→ **What to do**
Please output exactly the lines below, starting at the line that has "Africa and London, September" and ending at the line that has "Best Greenhouse Temperature", both included; leave out all pictures and include nothing else.

→ **Provided data**

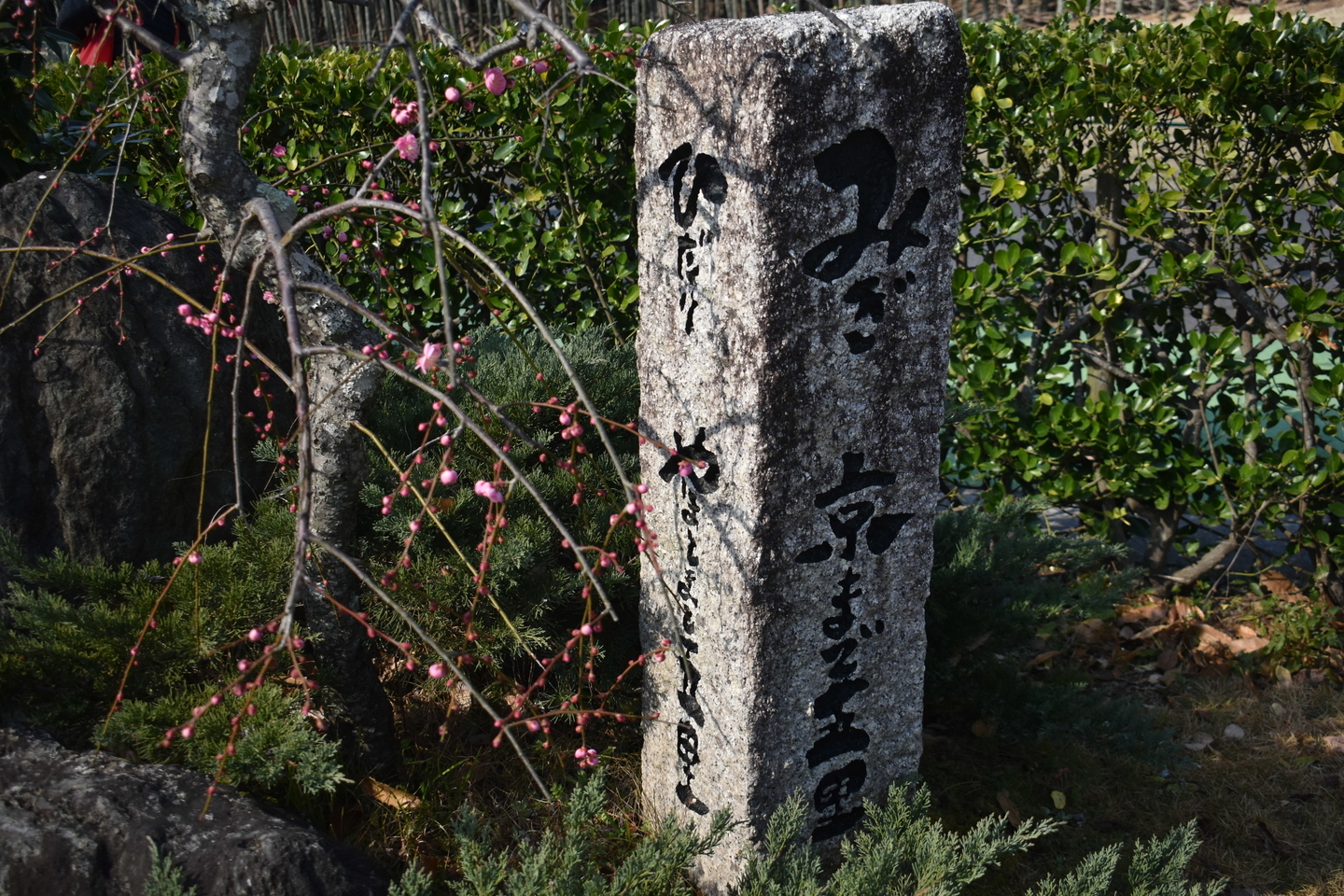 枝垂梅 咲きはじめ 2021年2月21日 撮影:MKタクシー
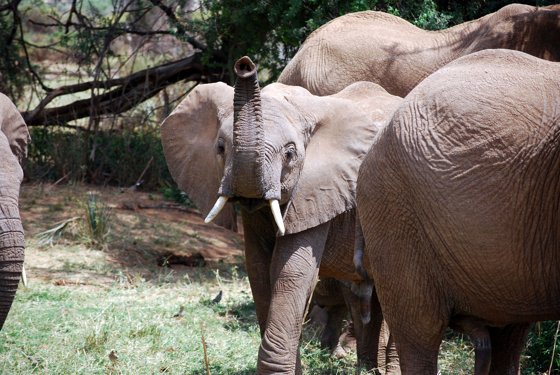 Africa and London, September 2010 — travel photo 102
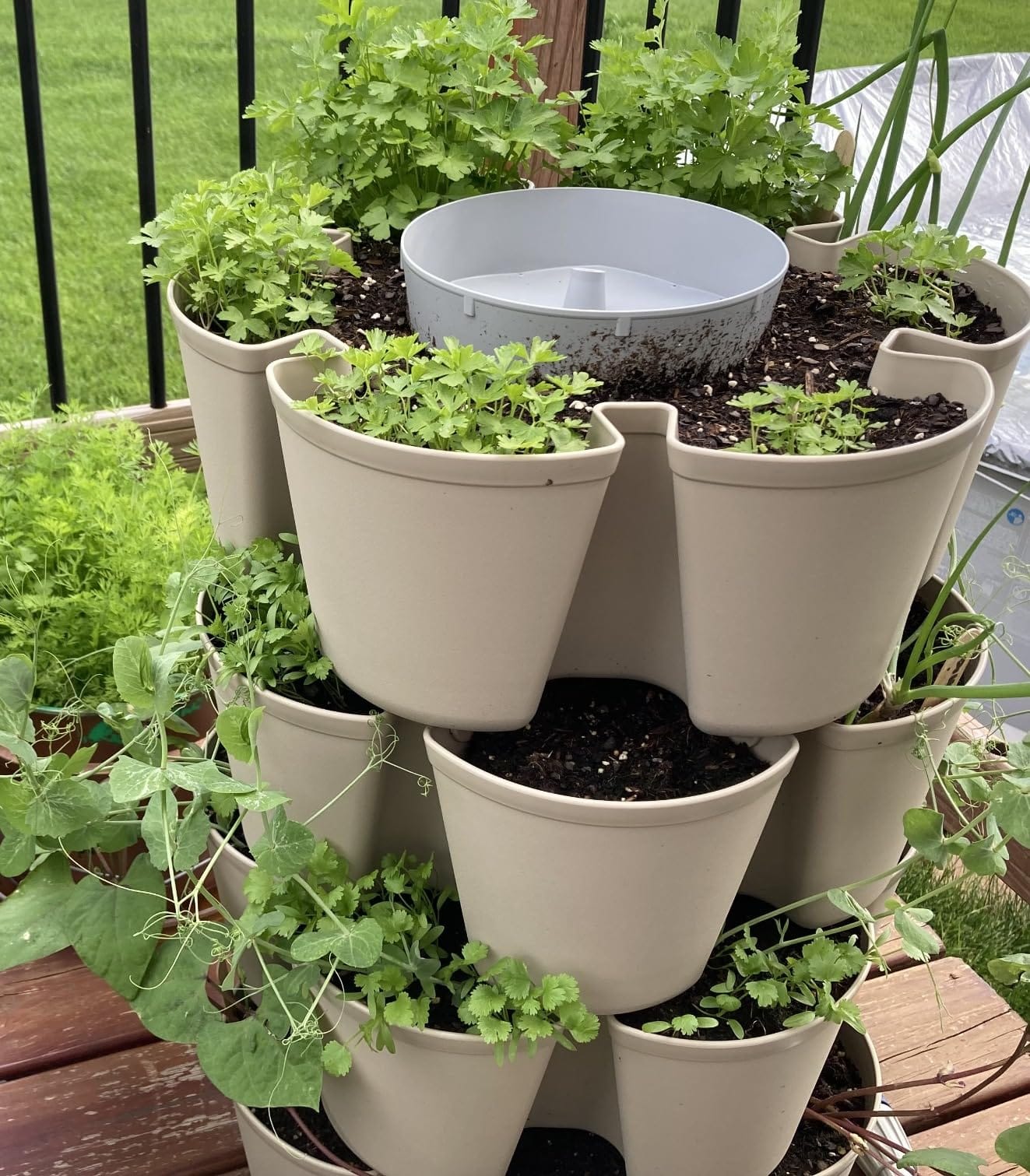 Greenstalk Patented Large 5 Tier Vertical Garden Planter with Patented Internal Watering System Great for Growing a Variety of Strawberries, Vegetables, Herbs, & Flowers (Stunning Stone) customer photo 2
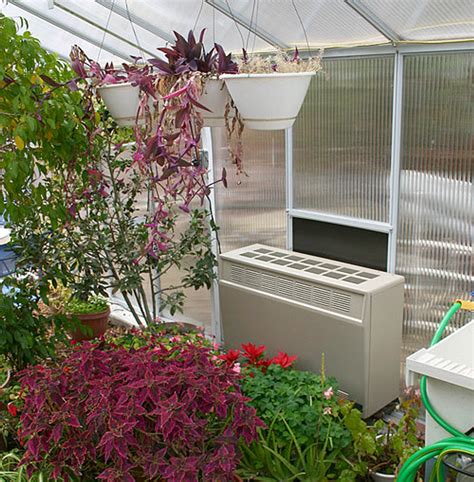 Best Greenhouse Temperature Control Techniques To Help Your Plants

* * *

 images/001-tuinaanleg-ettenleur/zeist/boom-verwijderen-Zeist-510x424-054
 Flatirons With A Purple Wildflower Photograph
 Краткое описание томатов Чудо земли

==

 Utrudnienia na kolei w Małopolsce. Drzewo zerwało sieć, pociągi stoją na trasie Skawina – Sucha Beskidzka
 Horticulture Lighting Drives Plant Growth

→ **Solution to this task**
 Africa and London, September 2010 — travel photo 102
 Greenstalk Patented Large 5 Tier Vertical Garden Planter with Patented Internal Watering System Great for Growing a Variety of Strawberries, Vegetables, Herbs, & Flowers (Stunning Stone) customer photo 2
 Best Greenhouse Temperature Control Techniques To Help Your Plants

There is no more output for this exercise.